Building Blocks: High School Student Films Soon-To-Be On-Screen Premieres
This year, DCIFF’s educational programming expands beyond the film festival week with a 6-week after school program for high school students in partnership with DC International School. Students study the foundations of creating on-screen interviews by exploring storytelling and script-crafting, elements of the interview, and technical aspects of filming and editing.
In sessions focused on storytelling, students have debated the competing importance of context, conflict, and motivation in cultivating stories that an audience will care to hear and see. To practice crafting their own stories, students shared filmed accounts of a broken arm, the disappointing results of a soccer team tryout, and learning how to ask uncomfortable questions, among other topics.
As sessions moved on to interviewing techniques, the group discussed building rapport with an interview subject, planning the topic and order of a line of questions, and probing for more information without planting a desired answer. In breakout rooms, mock interview groups experimented with these techniques and through practice identified the small but impactful difference made by asking open-ended questions (“When do you feel most energized in your work?” versus “Do you like your job?”).
An Emmy award winning Documentary Producer and Cinematographer for Tegna Media, Spencer Bruttig will be leading upcoming sessions on filming technique and various factors to consider, from locations, lighting, and sound to time restraints and other logistical planning factors.

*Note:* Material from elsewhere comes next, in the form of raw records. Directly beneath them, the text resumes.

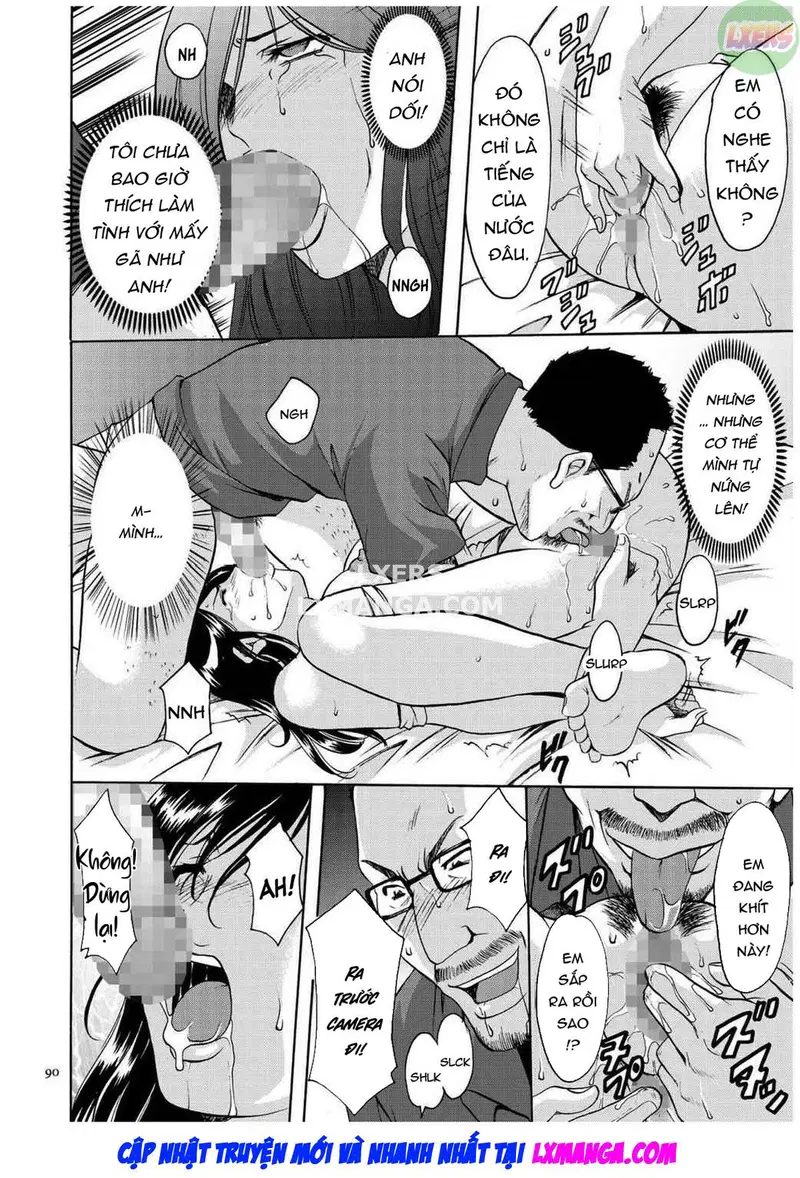 Sennyu Tsuma Satomi Kiroku - Ch. 04 trang 18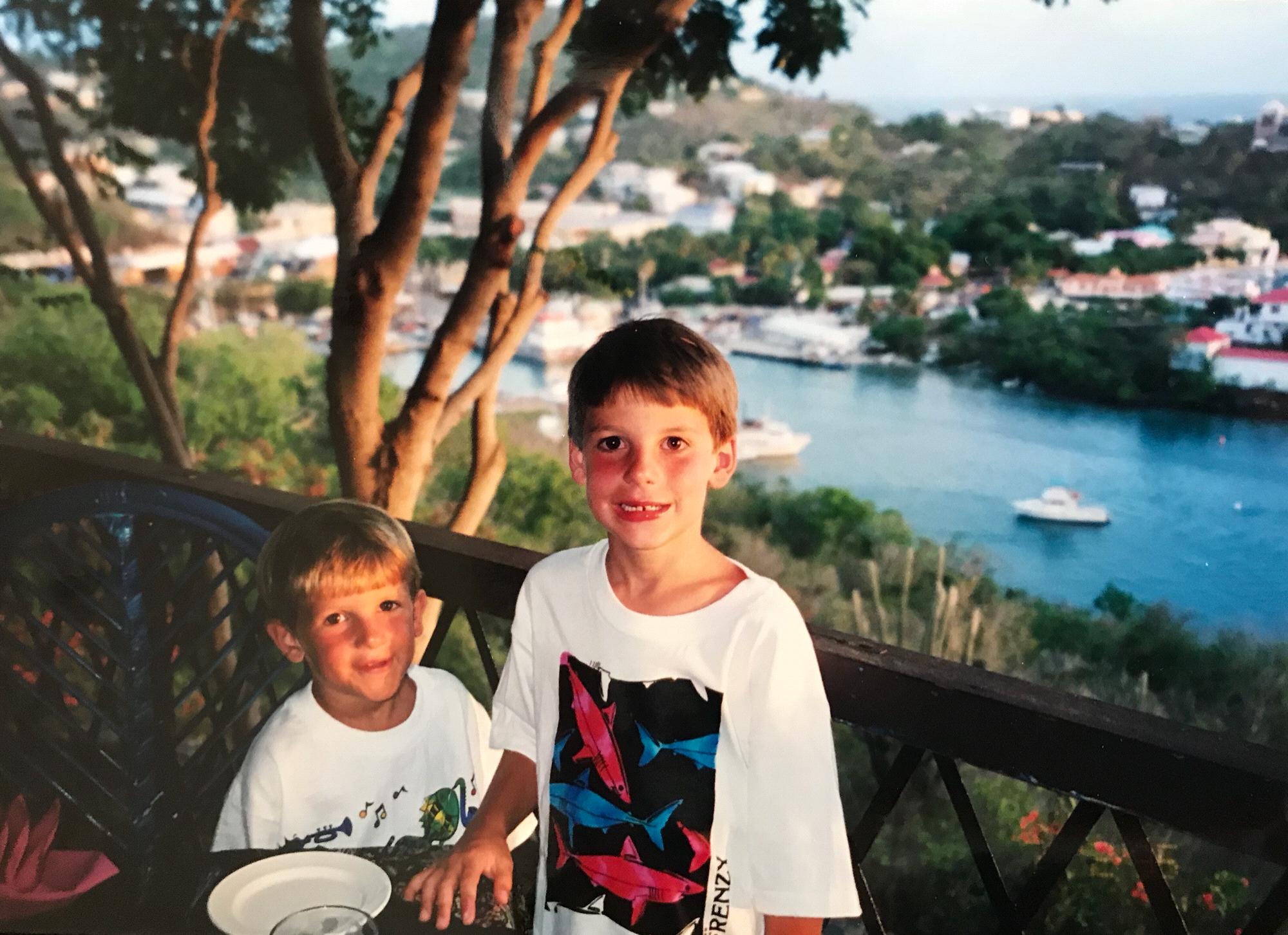 Gregory and Brian
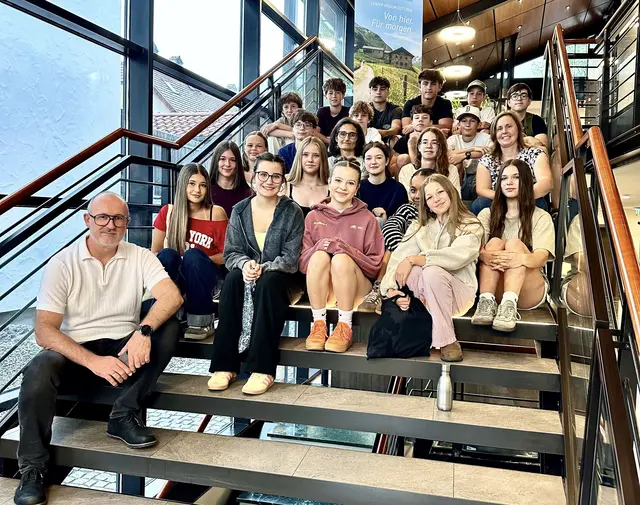 Die Schülerinnen und Schüler des Lienzer Gynmasiums nahmen ebenfalls an den Planspielen teil. | Foto: Vordenken für Osttirol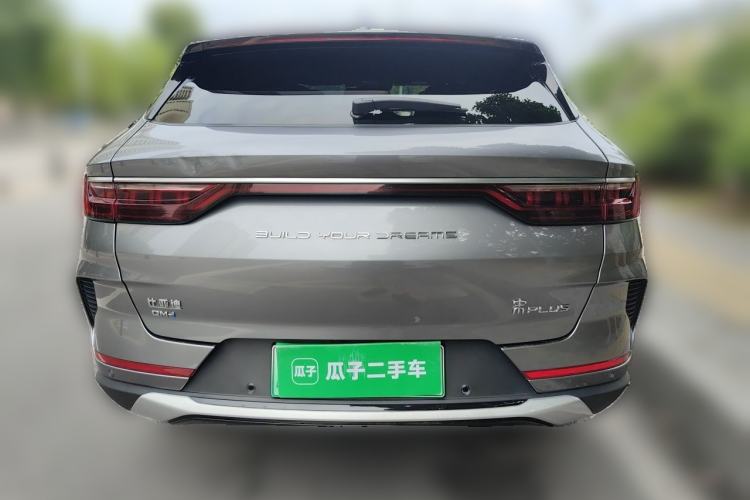 Used BYD Song PLUS New Energy 2021 DM-i 110KM Flagship PLUS Rear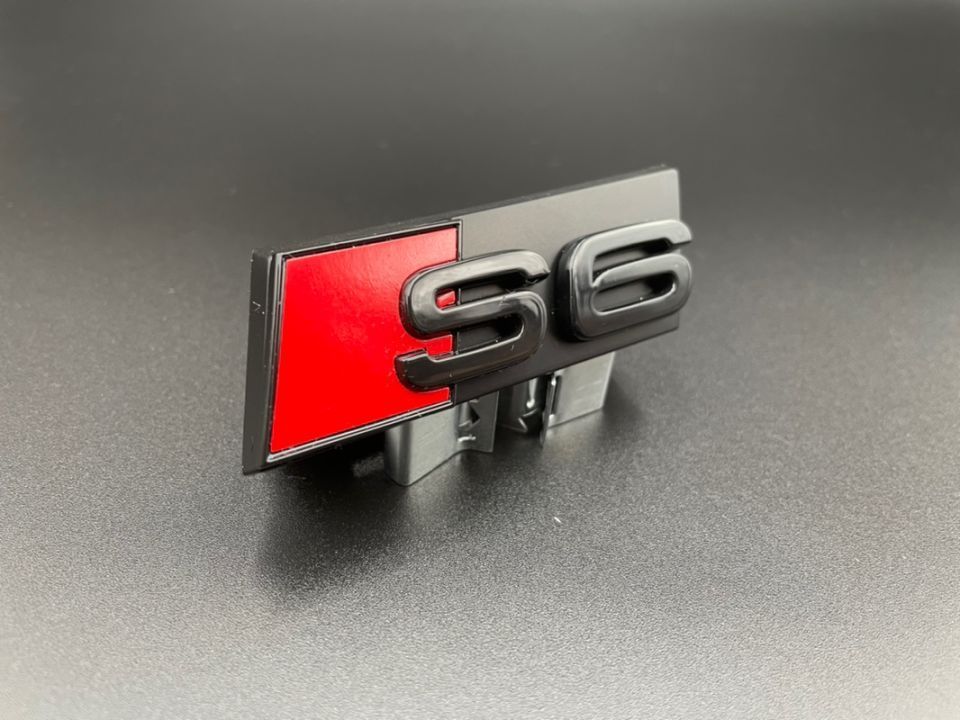Emblema grila Audi S3 S4 S5 S6 S7 S8 Negru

In the next couple of weeks, students will be planning, filming, and producing their own on-screen interviews with bilingual Washingtonians to explore community members’ experience of inhabiting multiple languages. Currently, students are preparing to send out their requests to potential interview subjects and are drafting scripts to develop a line of questioning. Once complete, students’ interview films will not only be screened at the DCIFF High School Film Festival (March 13-14), but they will also be saved in HumanitiesDC’s Digital Museum. (DCIFF’s free after school program for highschool students is made possible by the DC Humanities Council.)